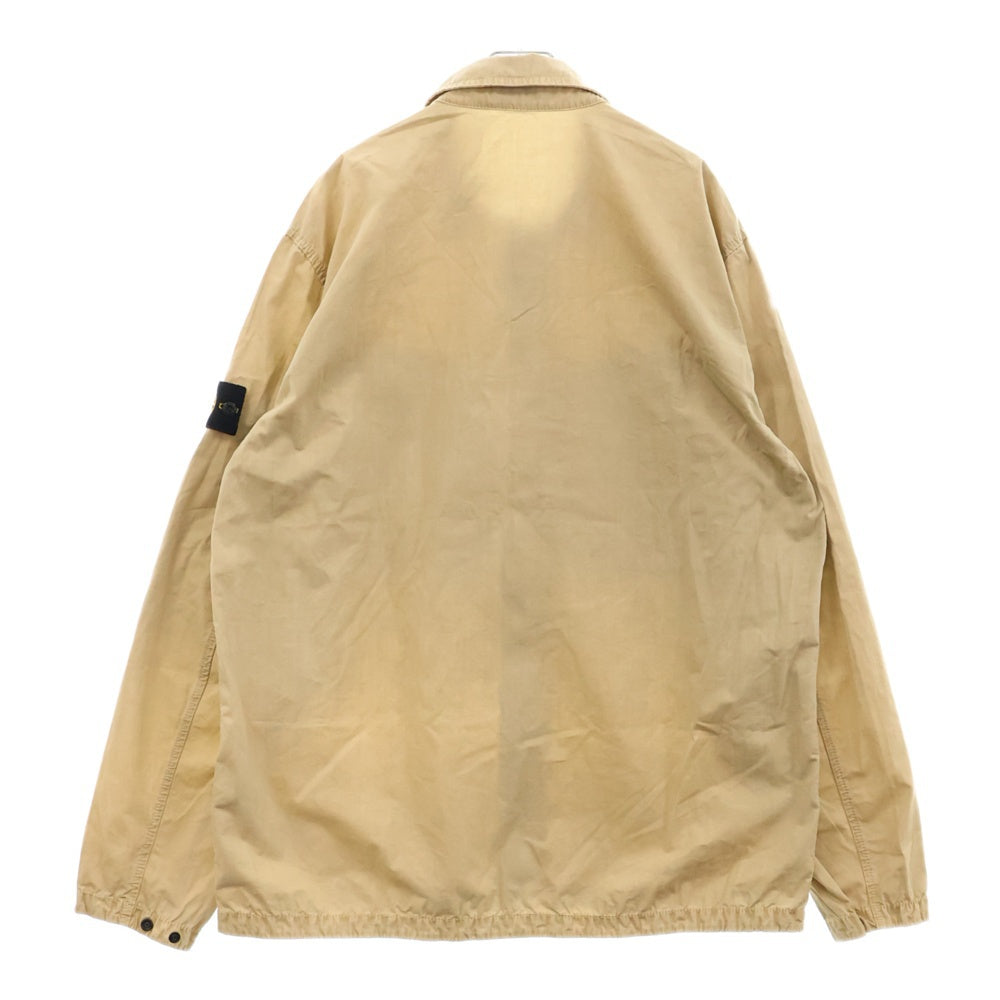 STONE ISLAND(ストーンアイランド) Brushed Cotton Canvas Zip Overshirt ロゴワッペン ジップアップ長袖シャツ ベージュ 7715101WN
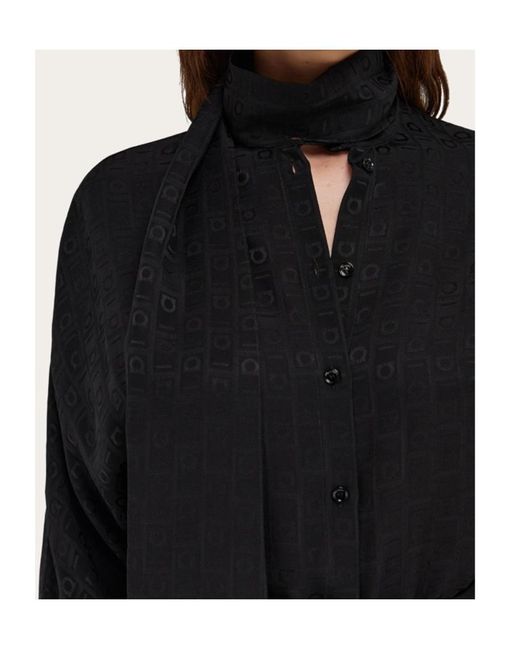 Ferragamo Black Ferragamo Sash Collar Blouse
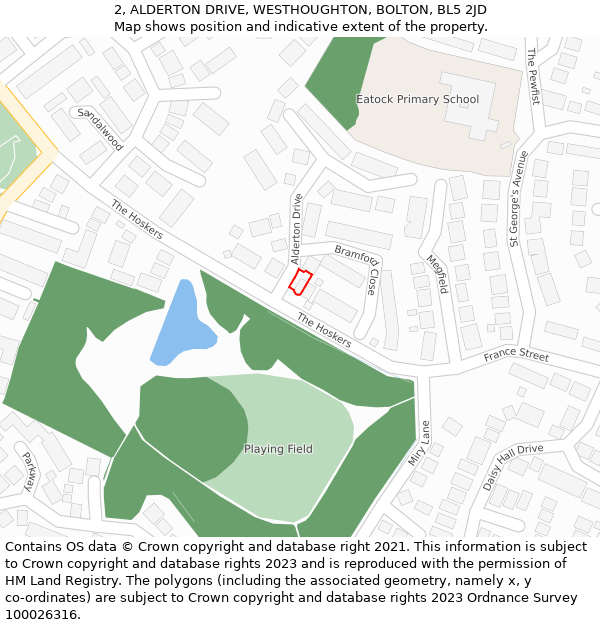 2, ALDERTON DRIVE, WESTHOUGHTON, BOLTON, BL5 2JD: Location map and indicative extent of plot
□ □ □ □ □ □ □
Problem statement
Write the full listing out again with every line unchanged, but include no pictures.

Response
 STONE ISLAND(ストーンアイランド) Brushed Cotton Canvas Zip Overshirt ロゴワッペン ジップアップ長袖シャツ ベージュ 7715101WN
 Ferragamo Black Ferragamo Sash Collar Blouse
 2, ALDERTON DRIVE, WESTHOUGHTON, BOLTON, BL5 2JD: Location map and indicative extent of plot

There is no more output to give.